**Task description**. With pictures left out, retype exactly the lines from the one containing "VELVET INSANE - VELVET INSANE (Compact Disc)" through the final line of the entries.

━━━━━━━━━━━━━━━━

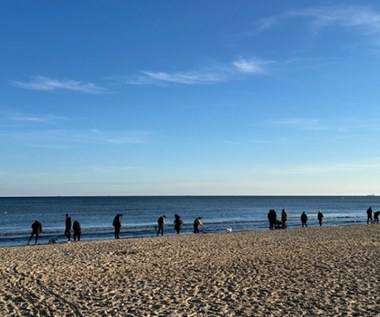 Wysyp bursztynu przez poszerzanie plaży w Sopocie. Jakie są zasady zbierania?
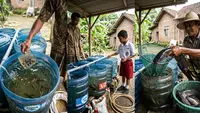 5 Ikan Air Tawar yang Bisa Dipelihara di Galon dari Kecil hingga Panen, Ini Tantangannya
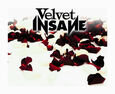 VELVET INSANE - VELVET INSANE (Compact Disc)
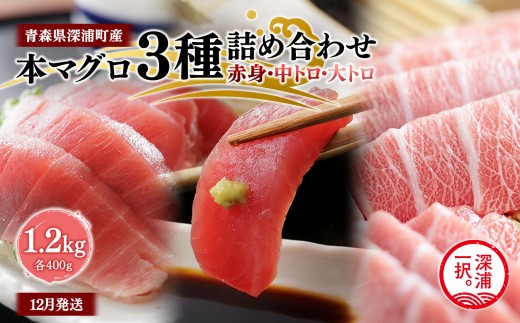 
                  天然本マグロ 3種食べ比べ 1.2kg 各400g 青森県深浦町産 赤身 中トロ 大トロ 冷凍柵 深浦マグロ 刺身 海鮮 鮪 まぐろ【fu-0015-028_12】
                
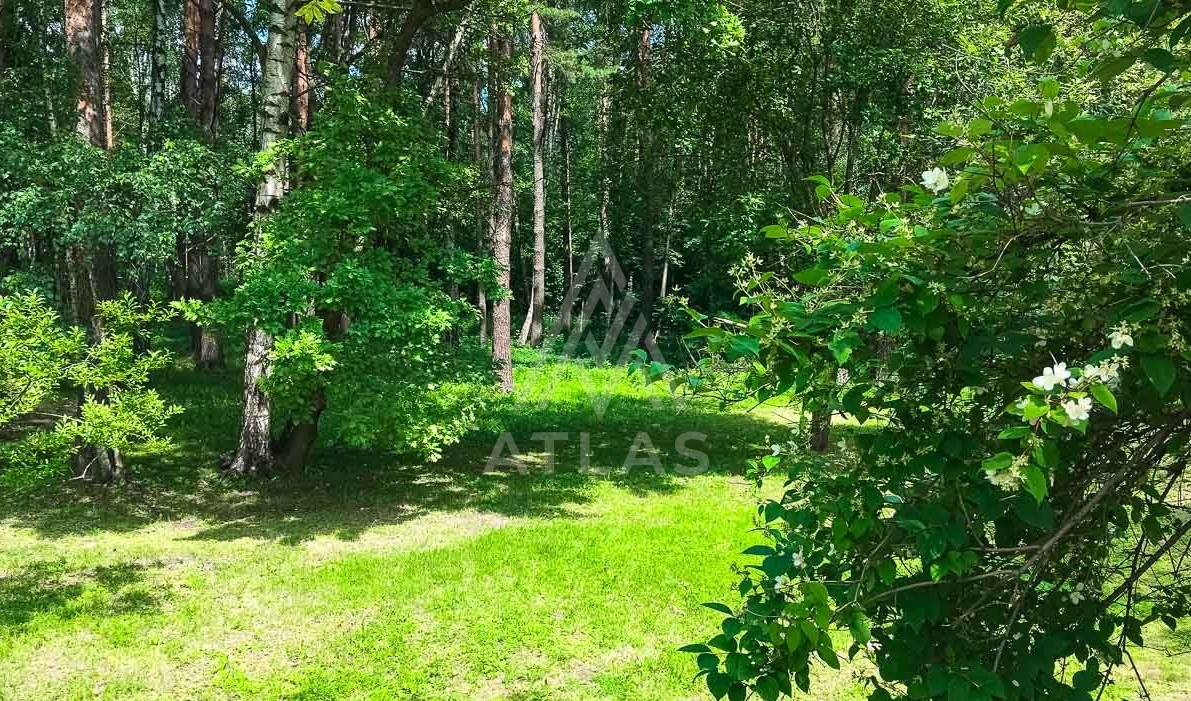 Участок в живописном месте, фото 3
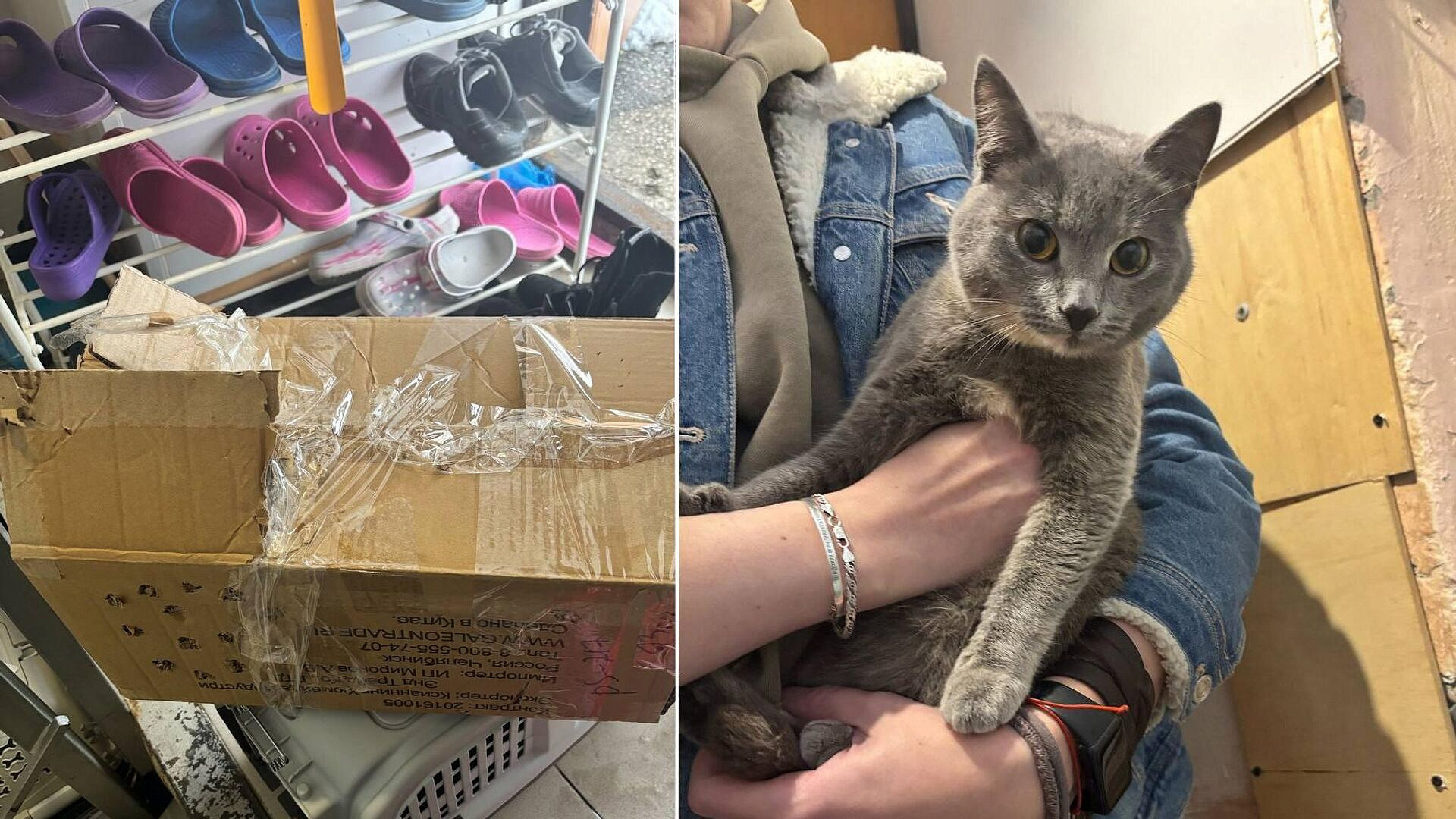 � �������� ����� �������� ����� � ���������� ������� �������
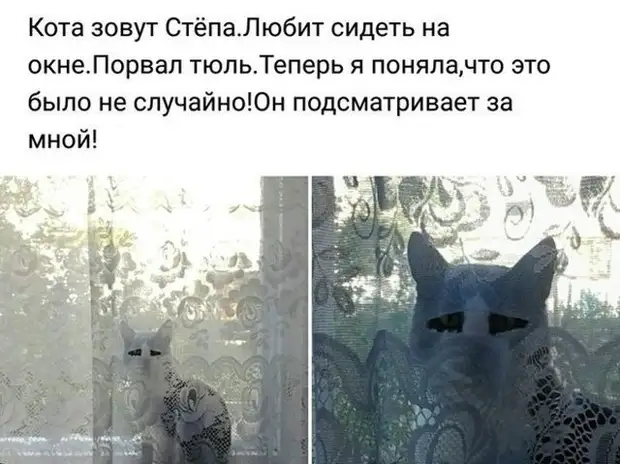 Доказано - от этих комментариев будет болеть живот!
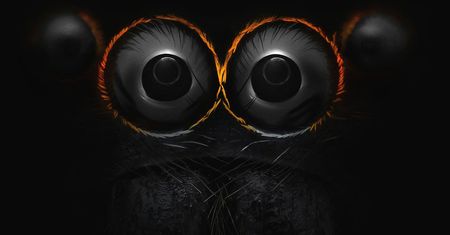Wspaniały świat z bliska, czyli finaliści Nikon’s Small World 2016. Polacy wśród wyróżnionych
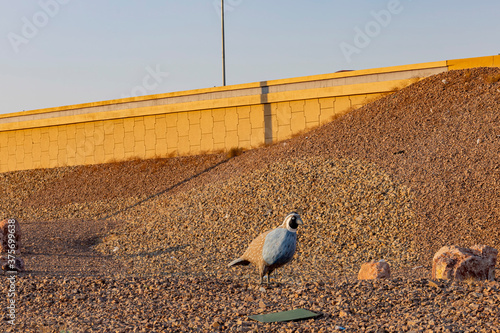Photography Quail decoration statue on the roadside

━━━━━━━━━━━━━━━━

**Solution for this task**.
 VELVET INSANE - VELVET INSANE (Compact Disc)
                  天然本マグロ 3種食べ比べ 1.2kg 各400g 青森県深浦町産 赤身 中トロ 大トロ 冷凍柵 深浦マグロ 刺身 海鮮 鮪 まぐろ【fu-0015-028_12】
                
 Участок в живописном месте, фото 3
 � �������� ����� �������� ����� � ���������� ������� �������
 Доказано - от этих комментариев будет болеть живот!
Wspaniały świat z bliska, czyli finaliści Nikon’s Small World 2016. Polacy wśród wyróżnionych
Photography Quail decoration statue on the roadside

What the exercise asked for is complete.